Ladies Cafe at Exchange Station

Exchange Station - Liverpool, England (1892)
Ladies Cafe at Exchange Station

Location: Liverpool, England

Opened: 1889

Closed: ?

Exchange Station was the former railroad station in Liverpool. The original station structure dated back to 1850, and after an extensive renovation and expansion it was renamed the Liverpool Exchange in 1888.

Although the Ladies Cafe opened about a year later, notice that it was still an afterthought following the "very extensive premises" constructed for the men. Nevertheless, this sounds like this was a very pleasant combination of a ladies cafe and ladies reading/writing salon. Even though no women--at least that we know of--were involved in the planning, creation, or management of this space. But hey, too often that's still the case over 100 years later.

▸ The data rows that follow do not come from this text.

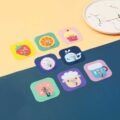 ទំពក់ព្យួរ 7.5x7.5 - 10 pcs Cartoon Wall Hook - Image 3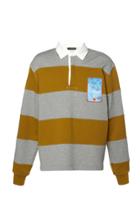 Acne Studios Foster Map Appliqud Striped Cotton-jersey Rugby Shirt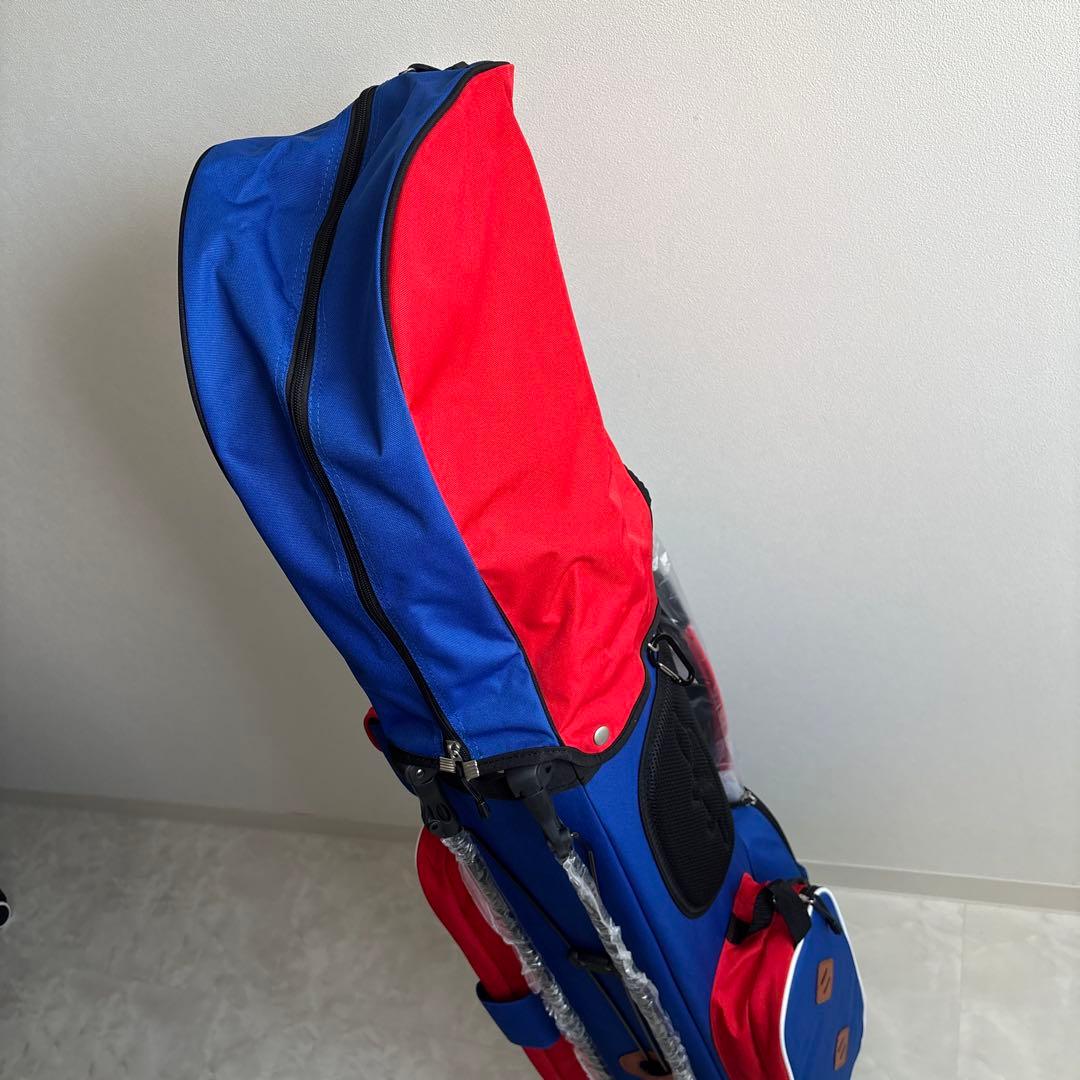 Rough & Swell キャディバッグ 青・赤・白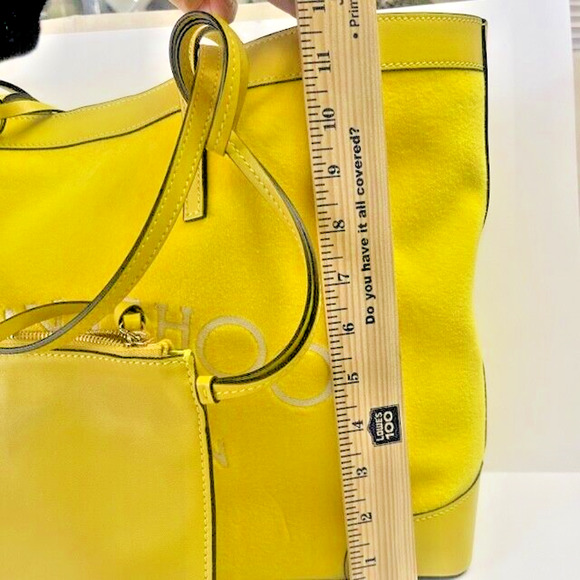 Jimmy Choo Nine2Five Logo Malibu Toweling East-West Tote Bag w/baby pouch $1095 - Picture 12 of 15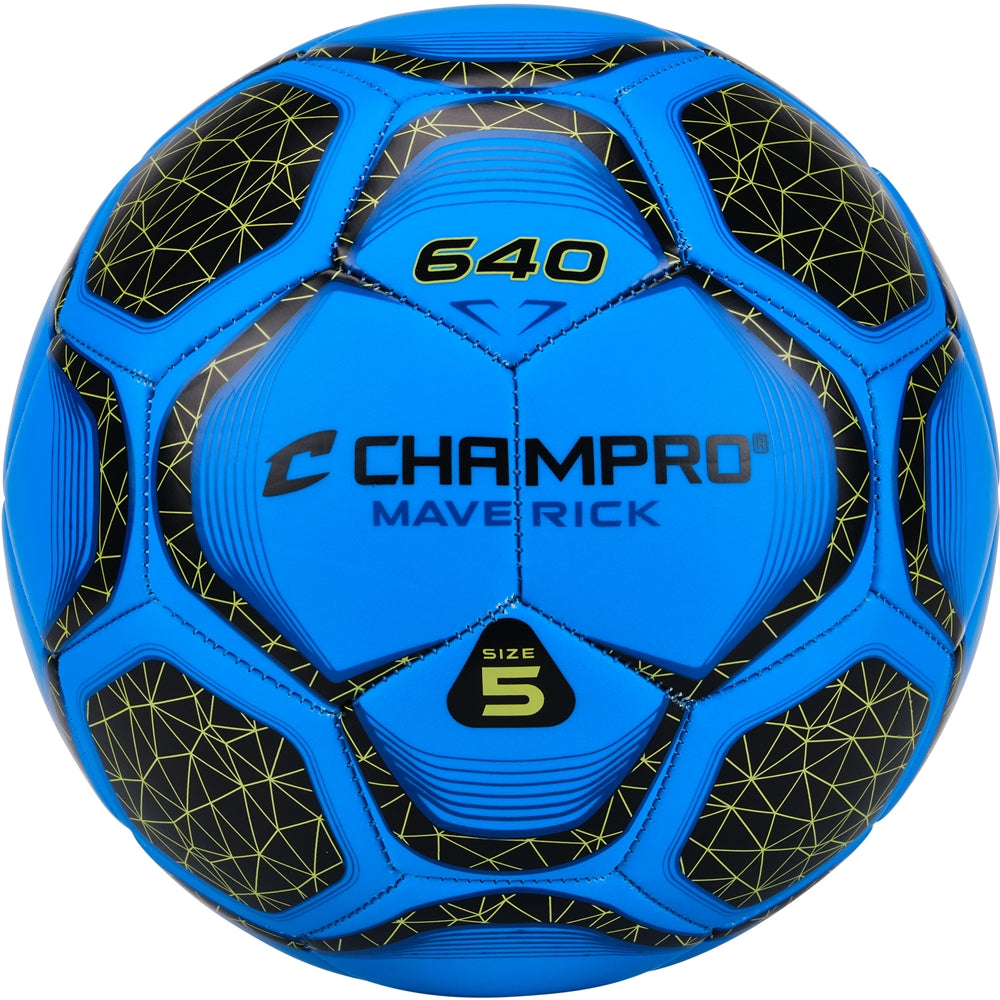 Champro Maverick Soccer Ball - Optic Blue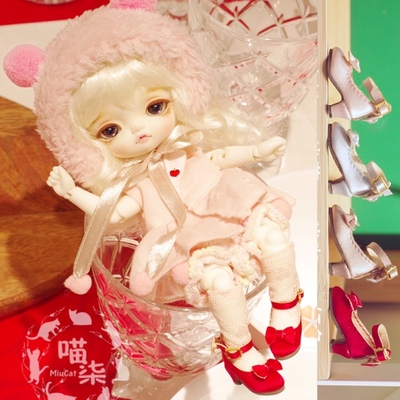 taobao agent Meow 娃 Bjd doll shoes 8 points and eight -point satin bow, Maryzhen high -heeled shoes Lati & amp; pukifee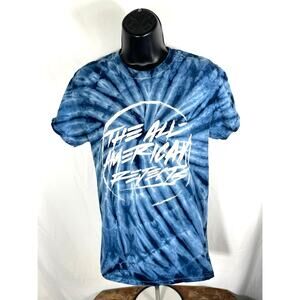 All-American Rejects Tie-Dye Band Tee Blue Graphic Shirt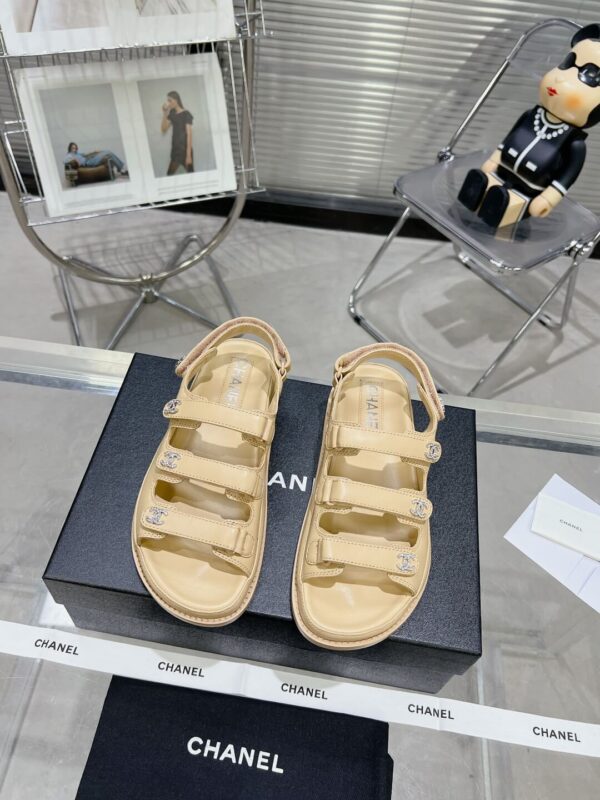 Chanel Casual Style Unisex Plain Logo Sandal - Image 5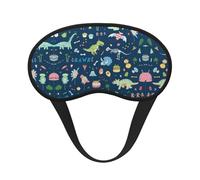 Colorful Elephant and Lea Sleep Masks Silky Eye Cover Soft Satin Blindfold Elastic Strap Night Eye Shade for Women Men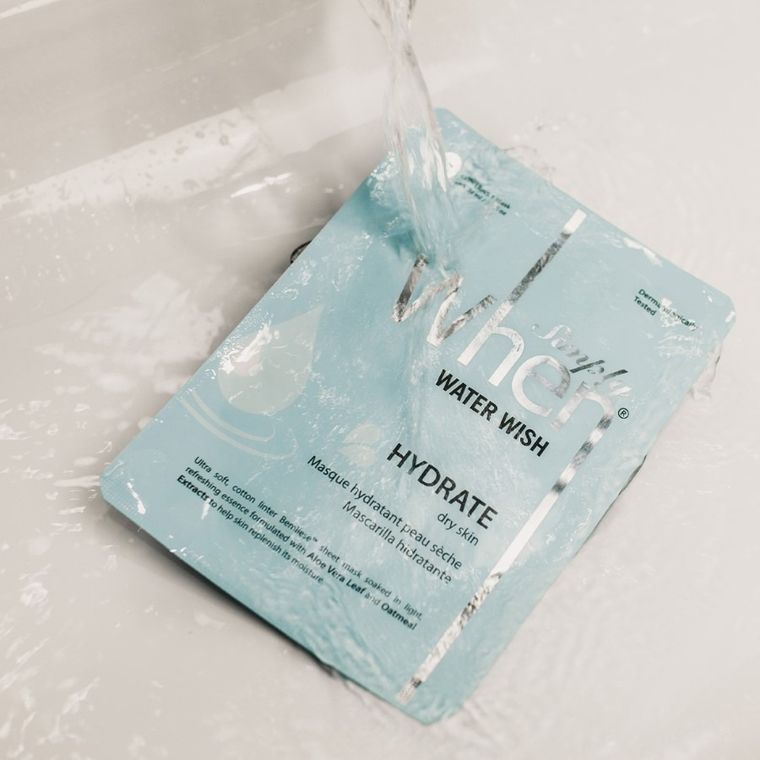 When, Simply, maska na twarz w płacie, Water Wish, 1 szt.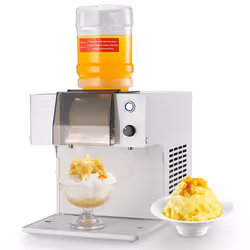 Broyeur à Glace Pilée 60 kg/24 h-VEVOR-Machine à Glace Râpée Flocon de Neige-Réservoir de 18 L-Pré-refroidissement Rapide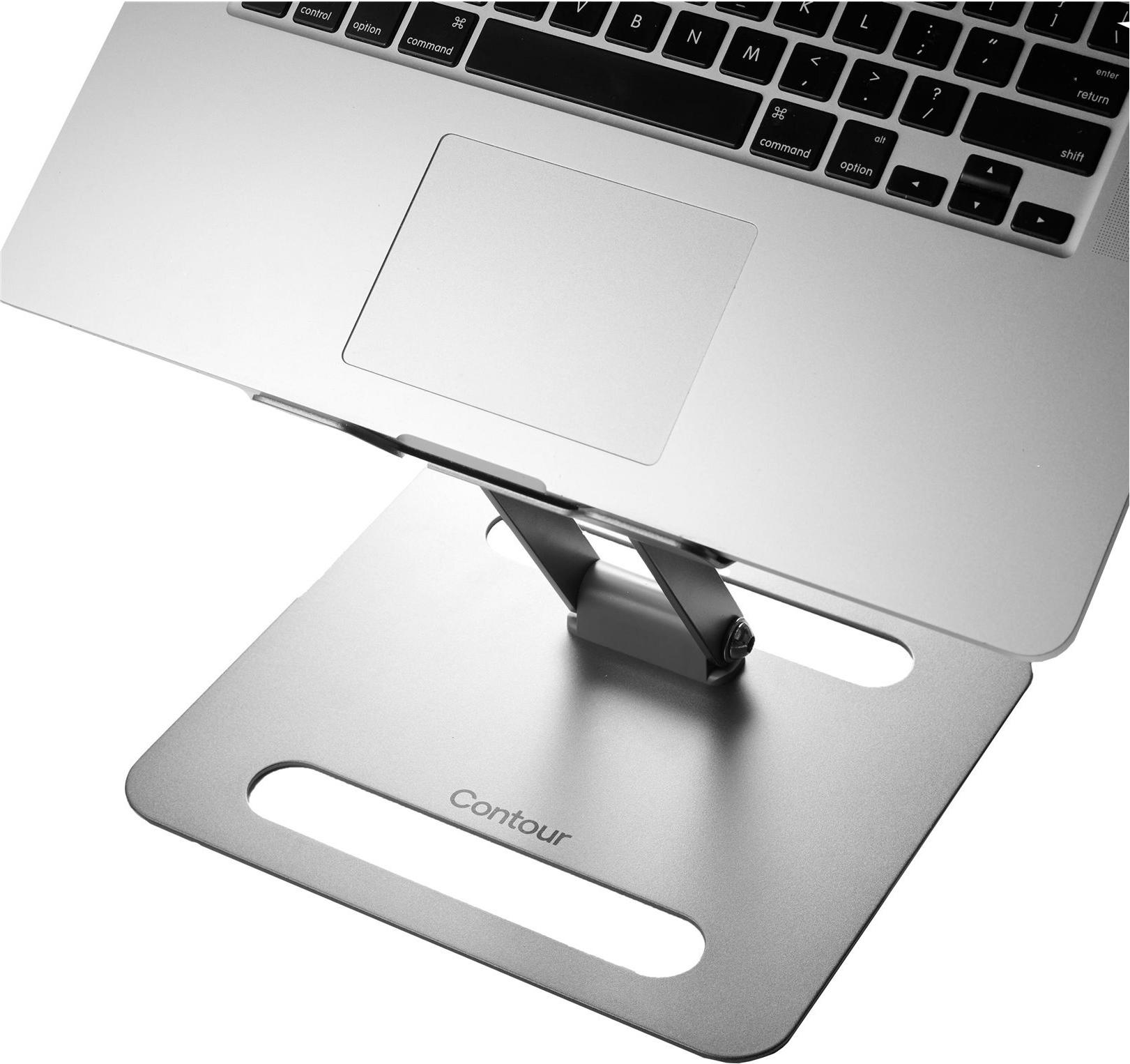 Contour Laptop Riser Stahl Notebook-Ständer Grau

The Exchange Station was closed in 1977, and mostly demolished shortly thereafter. However, I seriously doubt the ladies cafe survived that long.

As is often the case, I can find no reference to the ladies cafe in any of the standard histories of the Exchange Station.

From the Temperance Carrier, November 2, 1889:

OPENING OF A NEW LADIES' CAFE AT LIVERPOOL.

Liverpool is well catered for. What with private venture, the Clerks' Cafe Company, and last, but not least the British Workman's Public House Company, which has no less than sixty-two houses, no town in England is better provided for. Not content to let "well" alone, Mr. Peskett, the energetic secretary of the British Workman Public House Company, is ever on the alert for "fresh fields," so far as Liverpool in concerned. The new venture is a ladies cafe, in connection with the very extensive premises occupied by the company in the Exchange Station. This will prove an immense boon to ladies coming into town to shop, either by rail or from the Cheshire side of the Mersey. The new cafe is fitted up with every requisite, and is furnished in luxuriant style. Writing materials may be obtained, and every accommodation is found for those desiring to write letters or other communications. This is a very great convenience, and one which would be acceptable in many cafes and coffee taverns patronised by the sterner sex.